* _Source records_:
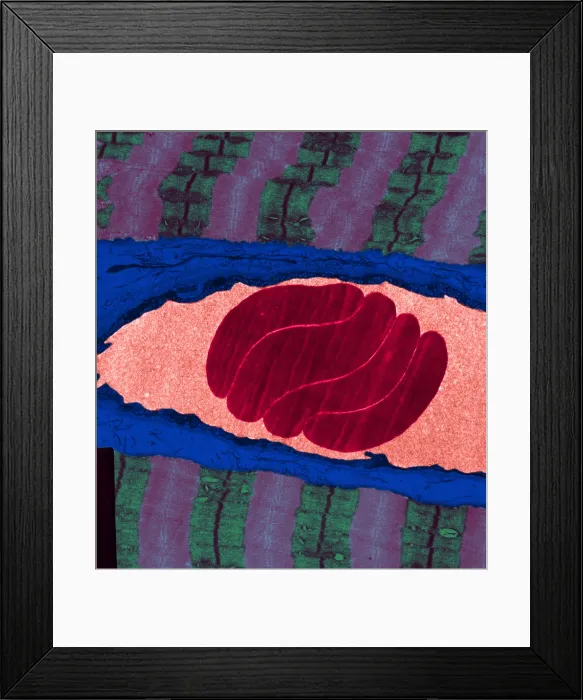 Framed Print : Erythrocytes, Capillary, Muscle Fibers, TEM Framed Print : Erythrocytes, Capillary, Muscle Fibers, TEM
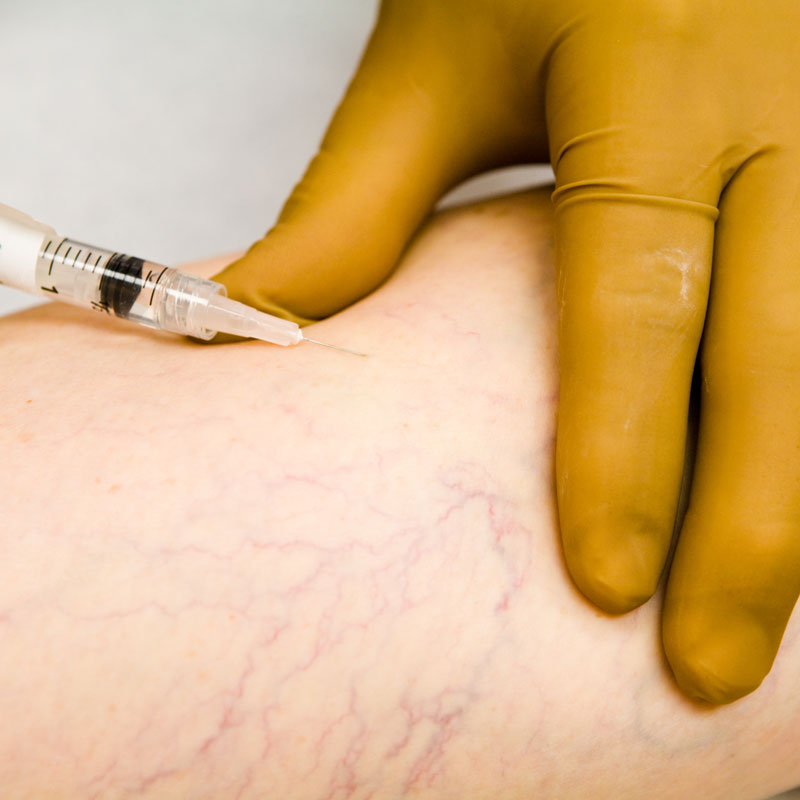 needle in vein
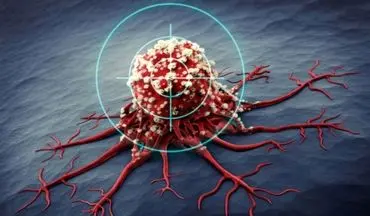 آیا می دانید این نوع عادات خواب در مردان احتمال ریسک ابتلا به سرطان را افزایش می دهد؟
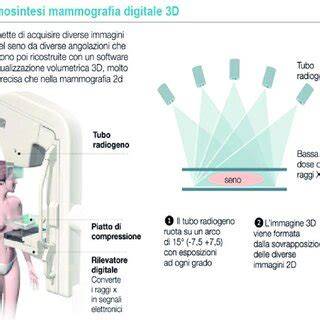 Rappresentazione radiografica del posizionamento SNG
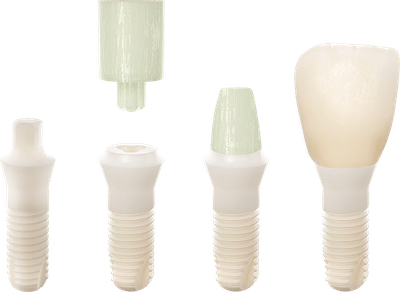 Vollkeramik Bremen: 2 teilige Keramik Implantate von Patent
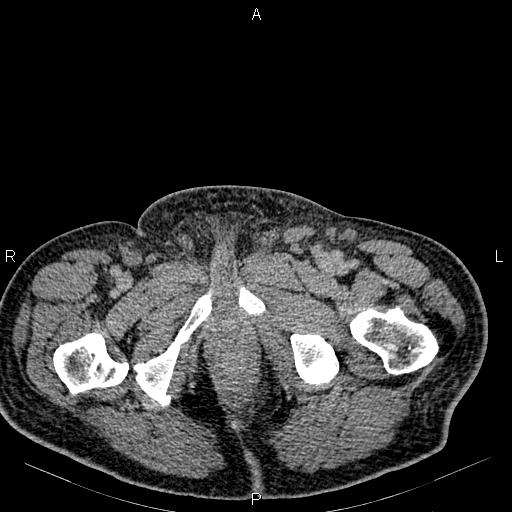 Non Hodgkin lymphoma in a patient with ankylosing spondylitis (Radiopaedia 84323-99621 Axial C+ delayed 89).jpg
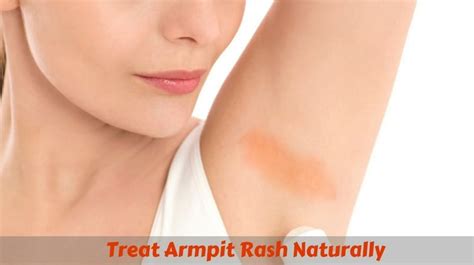 10 Best Remedies To Treat Armpit Rash Naturally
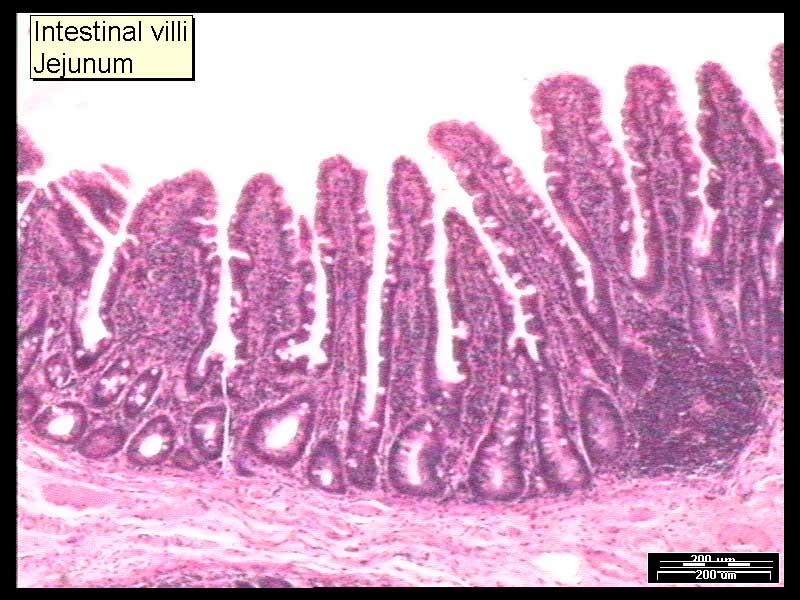 Jejunum (Small Intestine) Each villi itself has tiny fingerlike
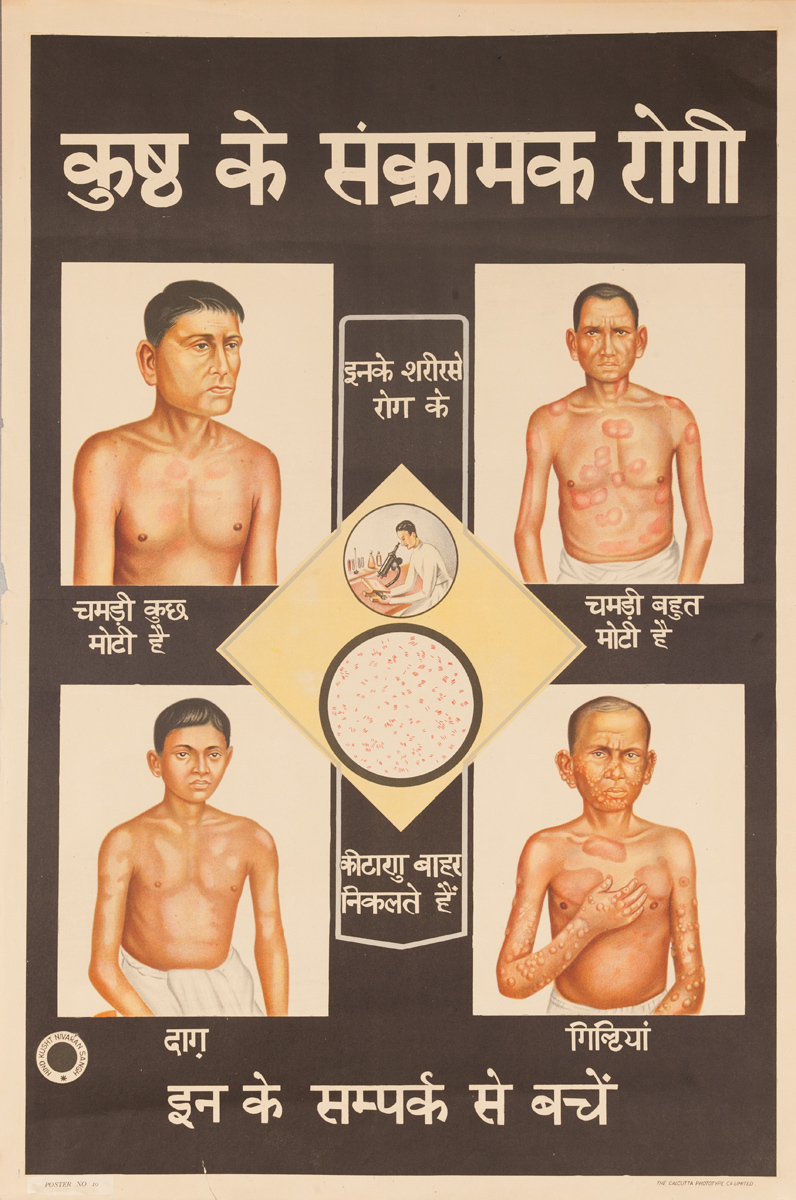 Original India Leprosy Poster, Hindi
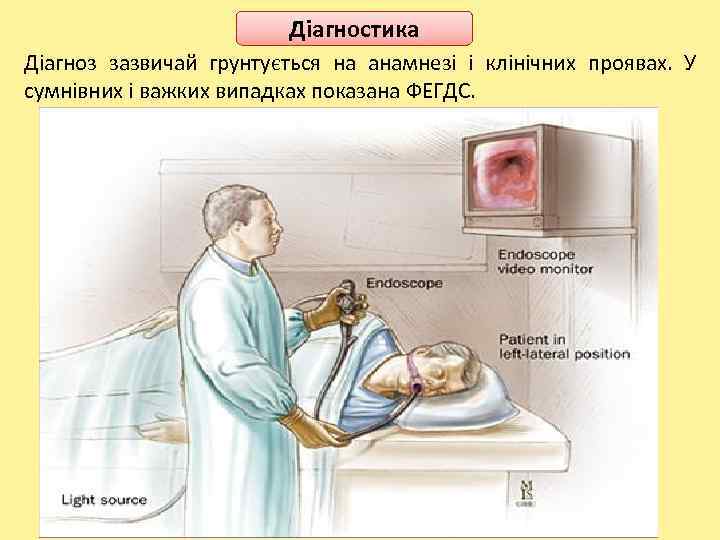 Діагностика Діагноз зазвичай грунтується на анамнезі і клінічних проявах. У сумнівних і важких випадках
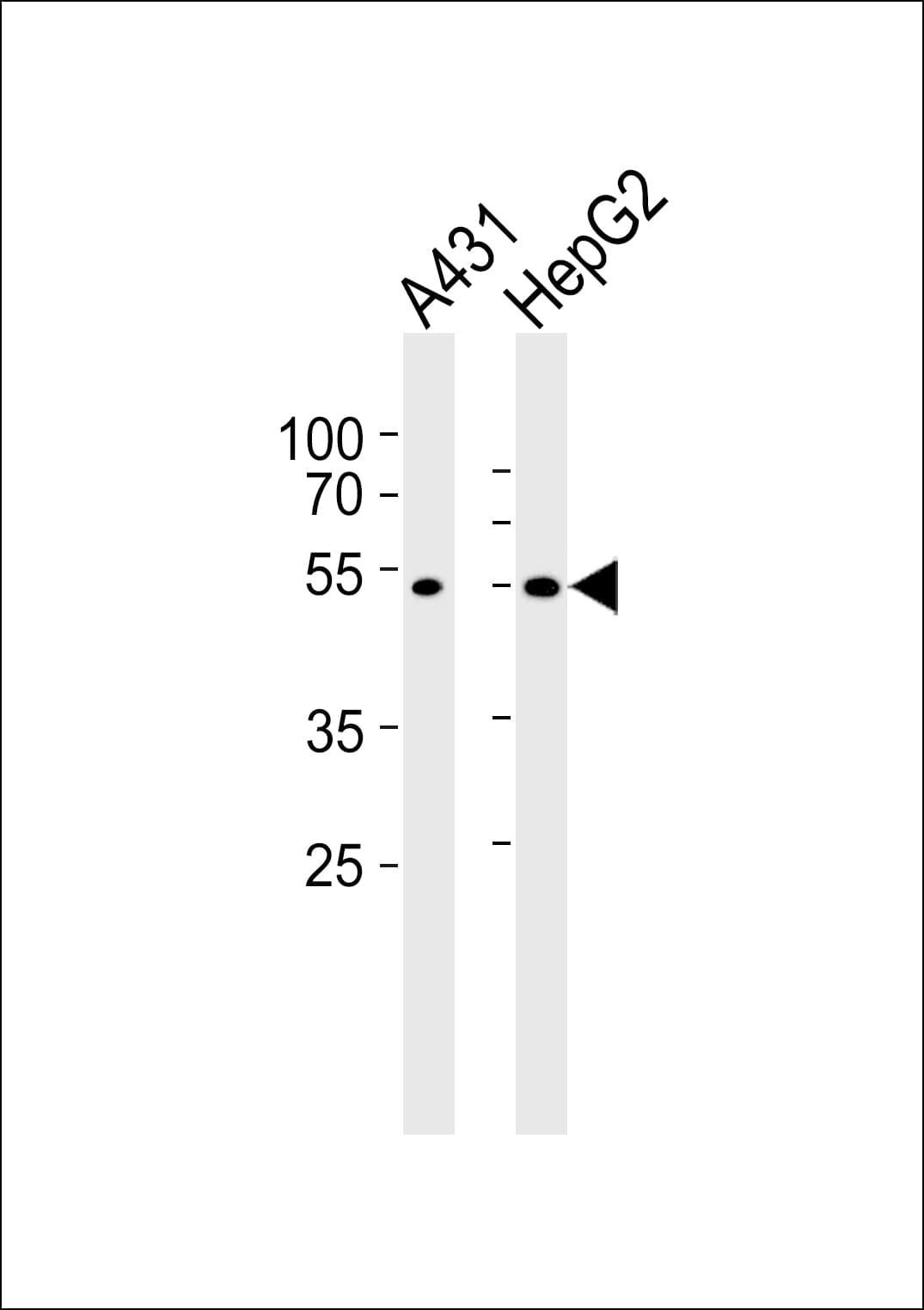 Polyclonal Rabbit anti-Human SAMM50 Antibody (aa346-380, WB)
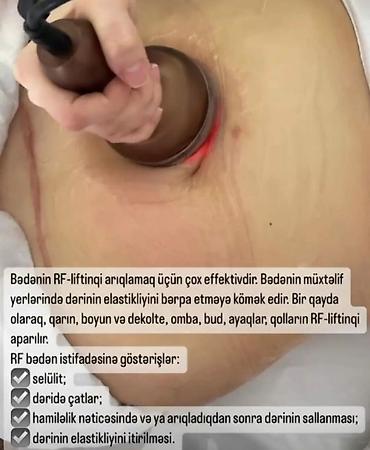 Müalicəvi masaj, Uşaqlar üçün, Kişilər üçün, Qadınlar üçün, Klinikada - şəkil 4
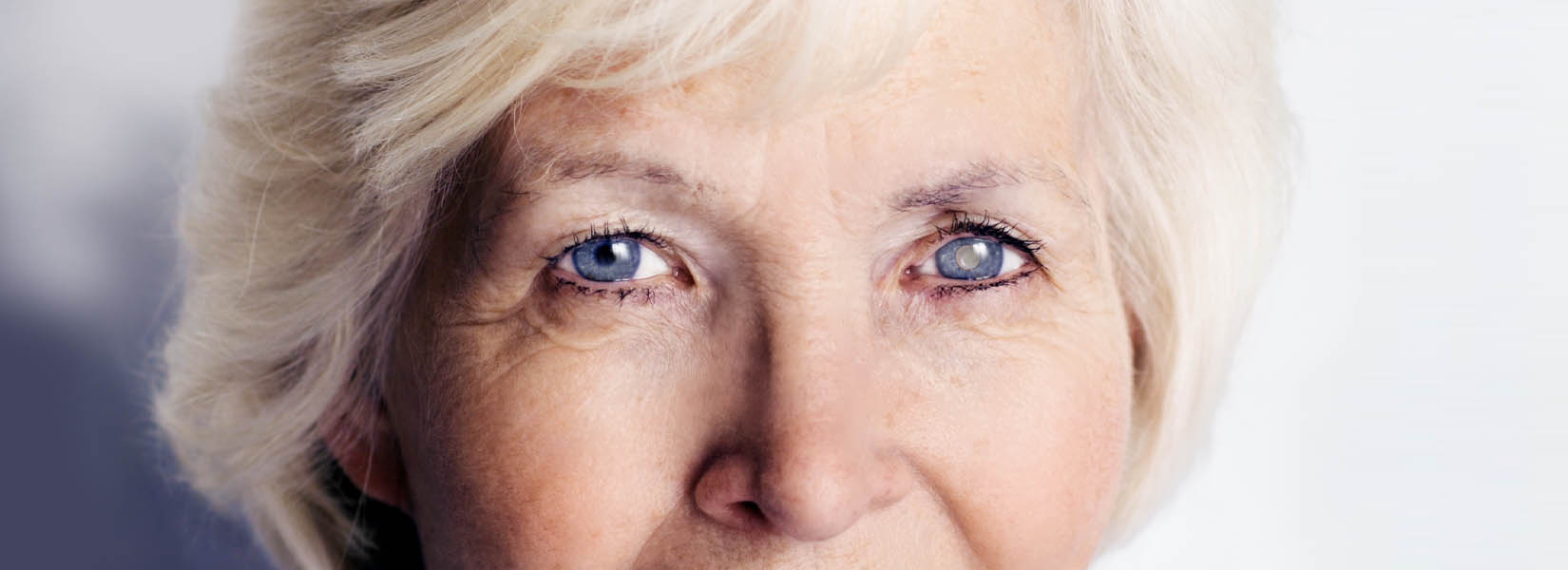 Cataract Surgery in Coles Crossing South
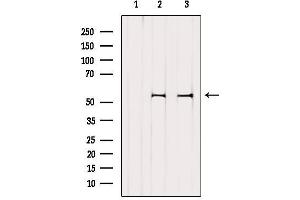 Western Blotting (WB) image for anti-V-Yes-1 Yamaguchi Sarcoma Viral Related Oncogene Homolog (LYN) (C-Term) antibody (ABIN6263031)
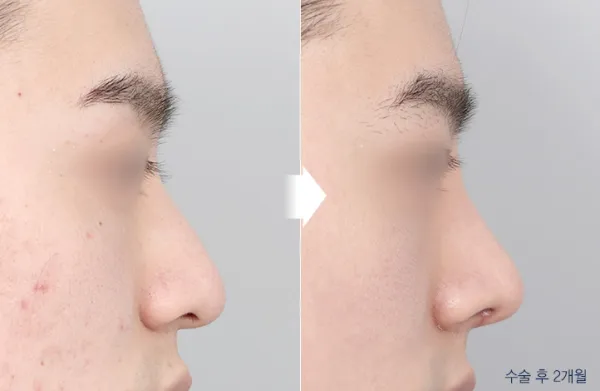 Before/After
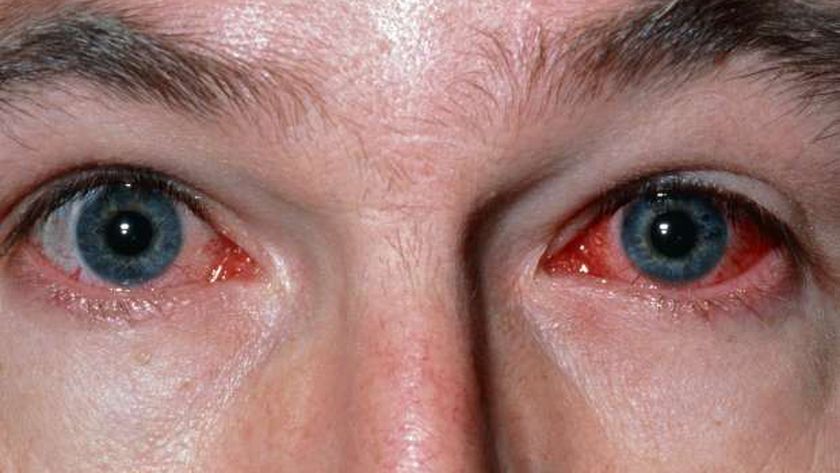 العين التهاب ملتحمة التهاب الملتحمة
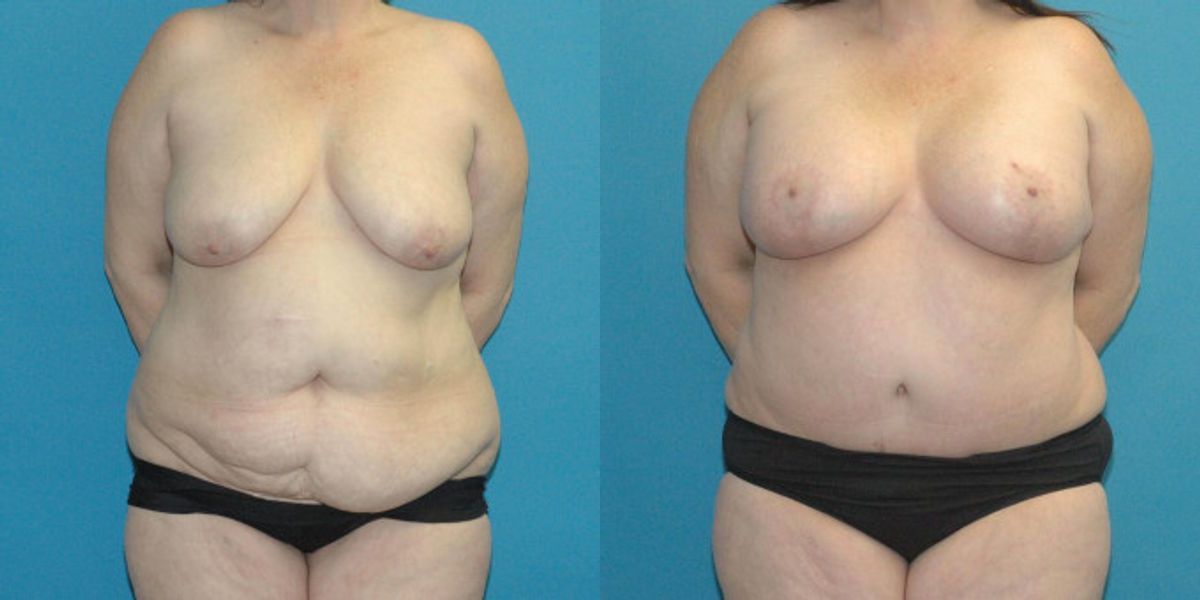 Mommy Makeover #18 - Before and After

* _Your assignment_: Set down, exactly as written above, each line from the one with "needle in vein" through the one with "Vollkeramik Bremen: 2", and skip the pictures.

* _Result of the exercise_:
 needle in vein
 آیا می دانید این نوع عادات خواب در مردان احتمال ریسک ابتلا به سرطان را افزایش می دهد؟
 Rappresentazione radiografica del posizionamento SNG
 Vollkeramik Bremen: 2 teilige Keramik Implantate von Patent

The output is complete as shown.